Ces mêmes cercles s'inquiètent aussi de l'avenir de l'actuel troisième Commonwealth juif. Finira-t-il abruptement comme les deux précédents (le premier sous la botte des Babyloniens et le second sous celle des Romains) ? Pour mémoire, c'est la  Conférence de San Remo d'avril 1920, au cours de laquelle les pays, qui avaient vaincu l'Empire ottoman pendant la Première Guerre mondiale, se sont partagés le Moyen-Orient, qui a ouvert la voie au troisième Commonwealth juif, qui renaît ainsi en Palestine après 2000 ans.

Ces références et ces discussions permettent de comprendre comment on en est arrivé aujourd'hui à de telles extrémités, explique Daniel Levy, en référence à un  récent sondage, réalisé pour une université américaine en Israël, selon lequel 82% des Israéliens seraient favorables à l'expulsion des habitants de la bande de Gaza et l'expulsion des citoyens palestiniens d'Israël et 47% des interrogés seraient même favorables au massacre des Palestiniens dans les villes conquises par l'armée israélienne.

Daniel Levy fait le lien avec la remarque de Mark Carney le premier ministre canadien, sur la solution à deux états, avec un état palestinien sioniste si vous voulez. C'est fascinant de voir quelqu'un de supposément instruit, qui ne connait rien à la Palestine et qui s'est dit : il faut que les Palestiniens acceptent leur dépossession... Et donc voilà ce que l'Occident offre aux Palestiniens un état palestinien qui n'est pas un état du tout et dont les paramètres sont définis par celui qui les a dépossédés et ceux qui ont rendu cette dépossession possible. Voilà comment les colons israéliens et leur soutiens coloniaux occidentaux voient l'avenir de la région. Peut-être qu'ils prennent conscience, qu'ayant fait aux Palestiniens tout ce qu'ils leur ont fait, il faut maintenant qu'ils aillent jusqu'au bout pour mettre fin au problème.

L'autre chose qui est fascinante, dans l'horreur, c'est l'aisance avec laquelle ces leaders occidentaux qui commençaient à sentir un peu de pression ont légèrement modifié leur discours sur Gaza juste avant qu'Israël ne se livre à une agression non provoquée sur l'Iran, en violant la Charte de l'ONU.

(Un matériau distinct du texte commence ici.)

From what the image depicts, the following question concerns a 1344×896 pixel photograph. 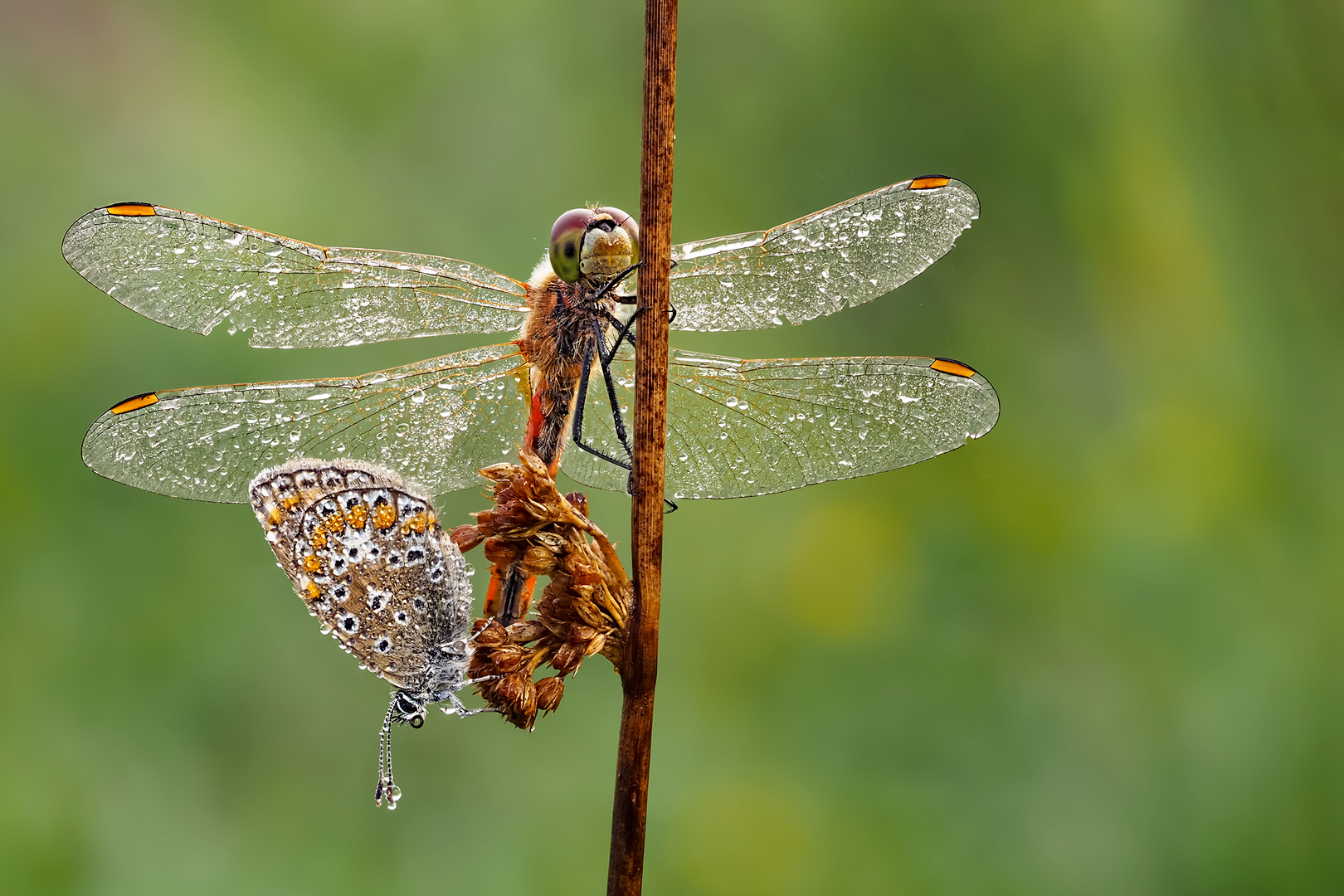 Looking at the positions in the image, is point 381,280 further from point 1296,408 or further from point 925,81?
point 1296,408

La dernière couche de cruauté, consistant à faire de la distribution d'aide un champ de tir et de massacres, les a obligés à réagir, sans rien faire toutefois de concret, et dès l'instant qu'Israël, une puissance nucléaire, non signataire du NPT, a attaqué l'Iran, ils sont revenus vite fait dans leur zone de confort en répétant, tous en chœur, Israël a le droit de se défendre, l'Iran est la menace et Israël la victime.

On ne peut pas comprendre Israël, si on fait l'impasse sur les encouragements que ses soutiens occidentaux lui ont prodigués tout au long de ces décennies. Je ne dis pas cela pour exonérer Israël de ses responsabilités...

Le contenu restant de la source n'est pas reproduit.